Sometimes, a joke can look like a mere link.

A link can be funny because it’s surprising to the viewer. In some cases, the surprise could be a prank, which relies on having a victim. Such is the case of the rickroll.

In other instances, someone might be trolling someone else, which is often known for being mean-spirited, but it isn’t always. Sometimes it can even look quite nice:

A link can be used in a myriad of ways to make its mark on an individual or a group of people. Some jokes are meant to be funny to the link-giver, like the above-mentioned trolls and rickrolls. Then, there are jokes that are meant to be funny to the link-receiver. These can be like personal gifts—something that is funny because the giver knows the recipient’s personality and her sense of humor, and understands, or even creates, the context. That gift might be witty or quotable. Other times, the surprise speaks to a more universal, more anonymous audience, where the appeal hits people at an instinctual level.

Take, for example, the physical humor of linking to adorable, nearly slapstick, animals:

Specimen 2: A Pair

Sometimes you might see specimens that come as a duo, similar to the way that comedy acts like Tim & Eric; Tina Fey and Amy Poehler; and Key & Peele do. The two individual entities come together in a kind of Venn diagram, each side symbiotically riffing with the other.
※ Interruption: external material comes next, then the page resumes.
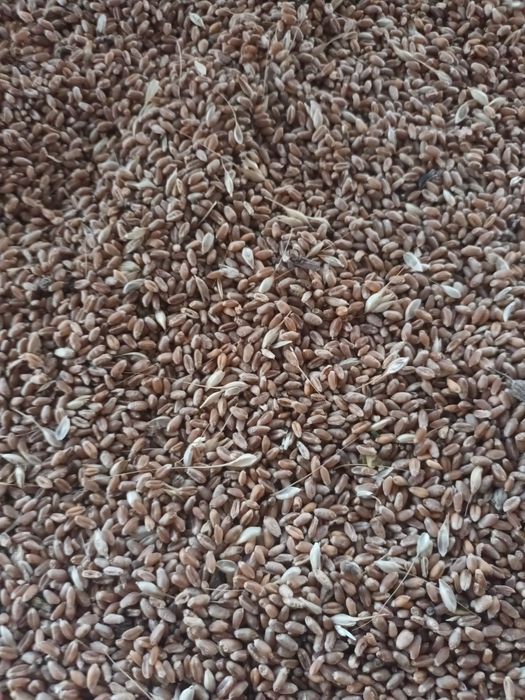 Porumb griu  triticale lucernă de sămânță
The laughter and creativity comes out of the interaction and the magnetic forces between them.

The pair of channels Startup/App Names that are Made Up Words and Made Up Words That Could be Startup/App Names, is like watching a joke give another joke a hug. Each channel is funny on its own, by virtue of a kind of vertical humor. The play on words makes it humorous on a subtler, more individual scale, while on a broader scale each channel plays up the ridiculousness of startup tech culture. When the channels come together, they play off each other in a way that makes the humor work horizontally as well: each builds off the other. It’s almost like watching a joke look at itself in the mirror, flipped around:

https://www.are.na/bryce-wilner/startup-app-names-that-are-made-up-words

https://www.are.na/zach-rose/made-up-words-that-could-be-startup-app-names

The channel Freak Hacks is another example of two entities playing off of each other. Only, instead of complementing each other, the two sides of this joke are wrestling. This channel reminds me of The Eric Andre Show in that they’re both satirical (“freak hacks” is a satire on life hacks), and they both relish physical extremes by using stunts as comedy. It’s visceral, grimy and absurd:

Specimen 3: A Collection

Sometimes links join other links, which join other links, until boom! There is a collection of links.

Sometimes a collection can be a meme.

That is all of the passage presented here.